*** Material supplied ***

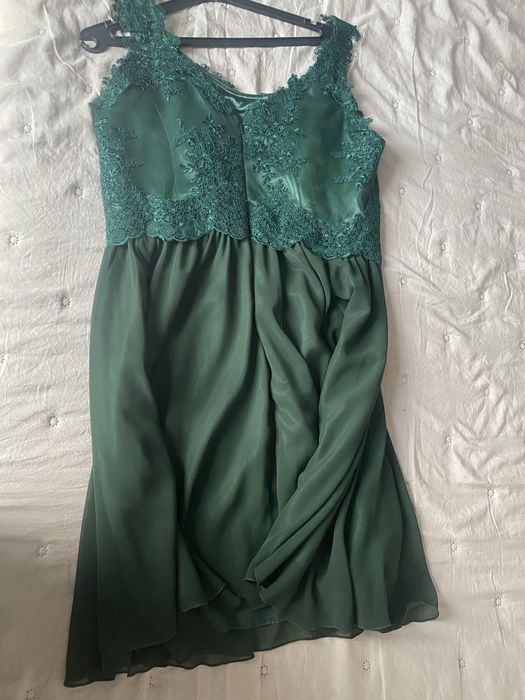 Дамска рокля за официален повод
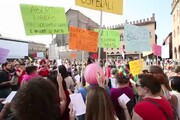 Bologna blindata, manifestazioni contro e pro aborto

*** End of Material supplied ***
*** Material supplied ***

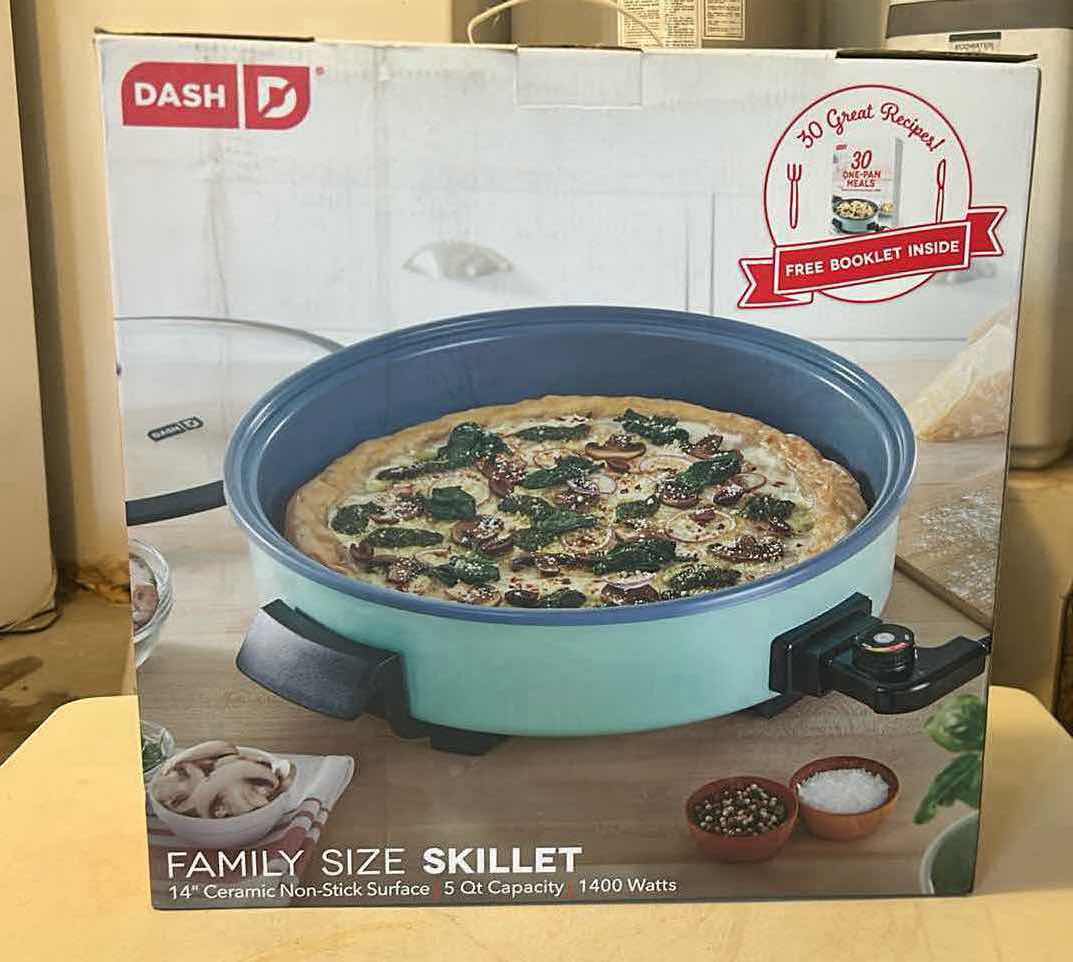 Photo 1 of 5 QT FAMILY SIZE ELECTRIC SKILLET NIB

*** End of Material supplied ***

- Required work:
I would like the exact lines from the data above, starting with the one that holds "Дамска рокля за официален повод" and going on through the one that holds "Bologna blindata, manifestazioni", without the pictures.

- Solution to the exercise:
 Дамска рокля за официален повод
 Bologna blindata, manifestazioni contro e pro aborto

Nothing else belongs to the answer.